__Action item__
From the records below, please return each line that holds the word "Instagram".

__Records provided__
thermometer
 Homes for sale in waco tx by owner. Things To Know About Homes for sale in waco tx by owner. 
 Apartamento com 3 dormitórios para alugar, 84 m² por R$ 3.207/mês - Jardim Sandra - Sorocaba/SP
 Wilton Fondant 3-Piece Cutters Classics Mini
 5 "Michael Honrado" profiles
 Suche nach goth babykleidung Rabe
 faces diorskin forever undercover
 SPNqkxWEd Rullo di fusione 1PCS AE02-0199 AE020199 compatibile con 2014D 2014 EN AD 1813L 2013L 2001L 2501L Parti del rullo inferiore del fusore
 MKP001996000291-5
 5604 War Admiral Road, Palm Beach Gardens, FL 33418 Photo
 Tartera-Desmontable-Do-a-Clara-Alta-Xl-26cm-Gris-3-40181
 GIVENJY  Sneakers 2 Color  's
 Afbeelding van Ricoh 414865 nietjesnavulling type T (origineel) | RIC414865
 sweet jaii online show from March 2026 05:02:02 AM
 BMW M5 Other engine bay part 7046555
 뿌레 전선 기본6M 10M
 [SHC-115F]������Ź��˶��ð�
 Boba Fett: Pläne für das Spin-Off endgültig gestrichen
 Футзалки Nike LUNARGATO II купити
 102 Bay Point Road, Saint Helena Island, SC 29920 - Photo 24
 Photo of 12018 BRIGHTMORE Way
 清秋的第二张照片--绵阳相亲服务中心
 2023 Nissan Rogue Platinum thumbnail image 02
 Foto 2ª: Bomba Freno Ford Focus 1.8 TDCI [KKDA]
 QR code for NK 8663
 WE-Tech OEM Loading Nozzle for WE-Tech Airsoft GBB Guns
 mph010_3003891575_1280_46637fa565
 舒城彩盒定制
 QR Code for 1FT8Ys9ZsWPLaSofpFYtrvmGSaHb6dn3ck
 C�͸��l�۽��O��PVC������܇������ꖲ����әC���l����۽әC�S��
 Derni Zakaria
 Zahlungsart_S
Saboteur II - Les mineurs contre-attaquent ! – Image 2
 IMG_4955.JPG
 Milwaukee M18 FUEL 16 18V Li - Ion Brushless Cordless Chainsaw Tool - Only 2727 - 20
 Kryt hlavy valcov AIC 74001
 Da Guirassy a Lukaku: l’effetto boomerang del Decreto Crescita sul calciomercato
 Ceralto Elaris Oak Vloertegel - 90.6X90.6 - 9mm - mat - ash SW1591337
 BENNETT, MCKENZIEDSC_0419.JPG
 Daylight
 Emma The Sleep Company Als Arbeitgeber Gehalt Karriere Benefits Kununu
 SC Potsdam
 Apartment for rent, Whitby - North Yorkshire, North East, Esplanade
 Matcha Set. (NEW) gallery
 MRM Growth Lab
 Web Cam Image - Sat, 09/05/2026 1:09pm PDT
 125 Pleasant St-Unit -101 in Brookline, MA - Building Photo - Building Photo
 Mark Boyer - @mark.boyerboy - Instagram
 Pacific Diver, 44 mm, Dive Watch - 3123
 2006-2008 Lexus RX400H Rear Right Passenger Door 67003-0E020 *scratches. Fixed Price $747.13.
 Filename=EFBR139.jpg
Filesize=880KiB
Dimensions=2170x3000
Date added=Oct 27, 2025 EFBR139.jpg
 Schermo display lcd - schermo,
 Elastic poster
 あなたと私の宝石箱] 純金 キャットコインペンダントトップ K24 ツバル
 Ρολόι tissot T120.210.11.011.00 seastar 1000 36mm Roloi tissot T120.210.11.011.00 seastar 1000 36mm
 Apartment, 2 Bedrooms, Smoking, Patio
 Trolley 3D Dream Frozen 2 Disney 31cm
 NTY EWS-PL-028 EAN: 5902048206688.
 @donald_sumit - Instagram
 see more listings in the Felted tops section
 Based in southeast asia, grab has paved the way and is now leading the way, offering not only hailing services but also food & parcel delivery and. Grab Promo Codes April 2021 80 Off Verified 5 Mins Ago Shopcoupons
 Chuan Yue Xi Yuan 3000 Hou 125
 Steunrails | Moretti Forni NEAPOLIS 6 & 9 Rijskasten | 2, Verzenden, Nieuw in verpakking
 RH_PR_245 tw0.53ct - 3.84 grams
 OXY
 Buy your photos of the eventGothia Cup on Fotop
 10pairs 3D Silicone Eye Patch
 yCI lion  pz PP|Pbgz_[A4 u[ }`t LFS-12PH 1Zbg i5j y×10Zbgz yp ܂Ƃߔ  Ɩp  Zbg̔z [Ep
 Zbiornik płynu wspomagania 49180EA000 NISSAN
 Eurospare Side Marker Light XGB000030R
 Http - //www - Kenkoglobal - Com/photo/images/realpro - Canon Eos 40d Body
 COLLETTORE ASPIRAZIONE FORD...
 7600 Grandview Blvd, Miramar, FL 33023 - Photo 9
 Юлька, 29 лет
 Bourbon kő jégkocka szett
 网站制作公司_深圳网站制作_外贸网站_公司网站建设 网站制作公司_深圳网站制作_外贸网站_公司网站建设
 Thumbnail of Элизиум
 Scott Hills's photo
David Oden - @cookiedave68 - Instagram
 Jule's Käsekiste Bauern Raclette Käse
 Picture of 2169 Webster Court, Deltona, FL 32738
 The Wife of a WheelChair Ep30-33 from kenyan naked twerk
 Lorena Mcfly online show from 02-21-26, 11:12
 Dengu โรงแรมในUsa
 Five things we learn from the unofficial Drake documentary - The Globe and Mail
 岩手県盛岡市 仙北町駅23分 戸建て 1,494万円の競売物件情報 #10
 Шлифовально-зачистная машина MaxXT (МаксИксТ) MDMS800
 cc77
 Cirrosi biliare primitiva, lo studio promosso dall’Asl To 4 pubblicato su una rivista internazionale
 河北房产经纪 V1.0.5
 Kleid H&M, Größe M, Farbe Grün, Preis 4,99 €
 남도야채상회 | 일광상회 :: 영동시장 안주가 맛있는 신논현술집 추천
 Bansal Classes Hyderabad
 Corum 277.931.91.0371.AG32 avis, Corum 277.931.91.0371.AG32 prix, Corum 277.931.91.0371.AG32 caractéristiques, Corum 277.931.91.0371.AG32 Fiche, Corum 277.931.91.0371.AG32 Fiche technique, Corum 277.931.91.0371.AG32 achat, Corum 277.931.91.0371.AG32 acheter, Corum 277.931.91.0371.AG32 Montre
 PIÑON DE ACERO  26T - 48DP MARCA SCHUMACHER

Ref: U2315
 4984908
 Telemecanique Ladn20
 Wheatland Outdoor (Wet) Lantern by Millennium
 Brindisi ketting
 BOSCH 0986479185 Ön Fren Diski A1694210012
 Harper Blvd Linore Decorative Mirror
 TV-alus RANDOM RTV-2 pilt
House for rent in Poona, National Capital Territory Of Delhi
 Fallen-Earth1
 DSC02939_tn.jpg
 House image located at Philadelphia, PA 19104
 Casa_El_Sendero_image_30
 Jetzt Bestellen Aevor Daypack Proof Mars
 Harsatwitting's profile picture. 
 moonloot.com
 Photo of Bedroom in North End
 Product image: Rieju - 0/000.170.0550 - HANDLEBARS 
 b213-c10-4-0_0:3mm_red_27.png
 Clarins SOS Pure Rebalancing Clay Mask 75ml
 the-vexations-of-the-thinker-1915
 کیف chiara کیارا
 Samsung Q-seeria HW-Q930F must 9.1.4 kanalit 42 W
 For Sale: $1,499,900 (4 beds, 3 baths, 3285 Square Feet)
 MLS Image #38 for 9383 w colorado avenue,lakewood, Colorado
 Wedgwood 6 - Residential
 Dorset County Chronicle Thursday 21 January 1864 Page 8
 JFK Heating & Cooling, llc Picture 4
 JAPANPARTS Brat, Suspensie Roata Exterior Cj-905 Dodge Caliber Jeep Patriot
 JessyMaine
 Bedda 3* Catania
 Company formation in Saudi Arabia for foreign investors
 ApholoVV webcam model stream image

__Solved exercise__
 Mark Boyer - @mark.boyerboy - Instagram
 @donald_sumit - Instagram
David Oden - @cookiedave68 - Instagram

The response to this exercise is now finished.